His speech patterns are hypnotic and calming. He paces back and forth, looking at shoes as often as faces. Nothing is forced, emotional or too complex. He explains his decision to abandon a lucrative acting career for the world's most difficult job, presidential candidate, as if he woke up one morning and decided to put down the whiskey bottle for his family. "I could sit back and read somebody else's script and maybe clip coupons once in a while," he says. "Or I could step up."


Happy Birthday, Elia Kazan, and know that your legacy, however problematic, is still very much with us.

Comments

Jonathan Lapper said…
I came so close to picking this for 1957 in my Oscar posts but just barely didn't. Griffith is extraordinary and it's a crime of sorts that he wasn't nominated for "Best Actor". His performance was easily better than the rather lazy job Brando phoned in for "Sayonara" for which he was nominated.

I first saw this film in 1991 as Rush Limbaugh was beginning his ascent and remember thinking at the time that it was amazingly prescient. I also agree it is Kazan's best.

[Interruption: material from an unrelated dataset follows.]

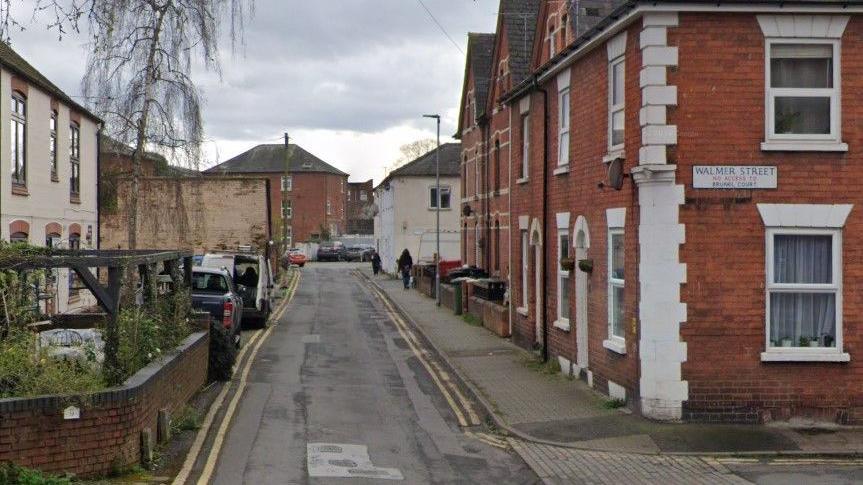 Generic view of a street with red-brick houses.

For one thing, as I noted before in my Oscar post for the fifties, it doesn't have that icky self-justification of "On the Waterfront" that has always made me feel a little dirty after watching it. If you can equate getting your career back on track by naming the names of people you've worked with in front of a witch hunt committee to courageously turning evidence on a gangster who knows what kind of self delusions you're capable of.

Thanks for the post.
Cinephile said…
Jonathan,
I first saw it in 1994, the same fall that Newt Gingrich was about to ascend to the Speaker's post, so it felt timely to me, too. I haven't see "Sayonara," but it's hard to imagine anyone better than Griffith is in this-- just so forceful and fearless, walking that fine line between monstrousness and (at least occasional) sympathy. And Patricia Neal is her usual, quietly spectacular self, too. Thanks for the comment!